During the most recent Invermere council meeting, council members discussed how the photovoltaic solar panels on the new multi-use centre that’s currently under construction may not be quite as tilted or as south-facing as some people involved with project may have originally expected.
The matter was brought up at the Tuesday, September 13th meeting by Councillor Paul Denchuk, who said there may be some confusion about whether or not something had been missed, and asked whether or not it was still possible — as had been envisioned — that the whole roof of the main part of the building can be filled with solar panels.
Invermere chief administrative officer Chris Prosser responded that through talking with the structural enginee rand architect, it is clear that between the roof of the centre’s main building and library it will be possible to have the 135 to 150 solar panels that council and other members of the multi-use centre’s steering committee had wanted, but that there seemed to have been some miscommunication somewhere along the line.
“It has been a long debate since June. Every time we thought we had it solved, the structural engineers or the architects brought up another issue,” said Prosser. “It caught us (district staff) off guard, because during the conceptual design process we had always talked about being ‘solar ready’ and it was never a problem, and then in a phone meeting the structural engineers said ‘no’.”
Prosser added he’s been told by the structural engineers and architects that the solar panels, however, may be limited in how much they can tilt and may not be able to face south.
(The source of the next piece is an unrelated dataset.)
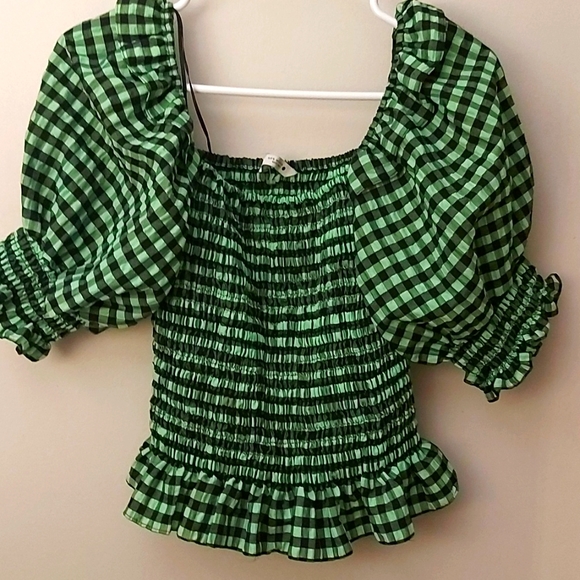 Zara Cropped Tube Top with Puffy Sleeves - Picture 1 of 9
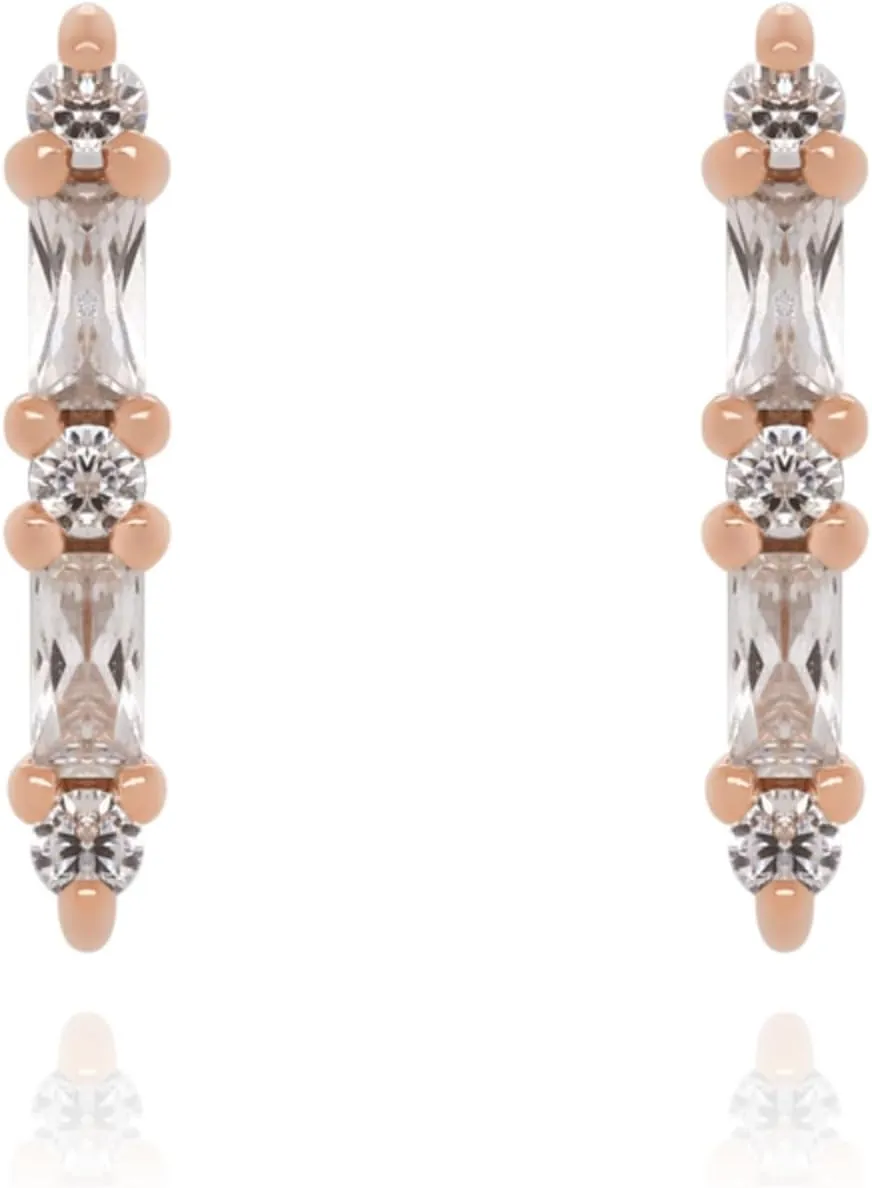 14K Solid Gold Fancy Wand Diamond Stud Earrings, Baguette and Diamond (0.26ct) Bar Cluster Stud, Push back Earrings, Minimalist Jewelry Gift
Invermere mayor Gerry Taft said that perhaps the steering committee had not specifically outlined how much it hoped the solar panels would be able to tilt, or that they should be south-facing, but he added that when talking about solar panels, it’s hard to imagine them not being able to tilt up and face south so as to maximize the amount of energy they can produce.
Denchuck said that, from what he understands, there may not actually be much gained from tilting photovoltaic solar panels in this region, and that it might not be worth the extra cost associated.
“So in some respects, I actually feel a bit better about having them flat,” he said, citing not only the extra costand the aesthetic appearance of the centre, but also that “(the centre) is right in a wind line there, and some of those panels could be ripped off.”
In the end, the council members agreed that a potential bullet — not being able to have solar panels at all —had been dodged.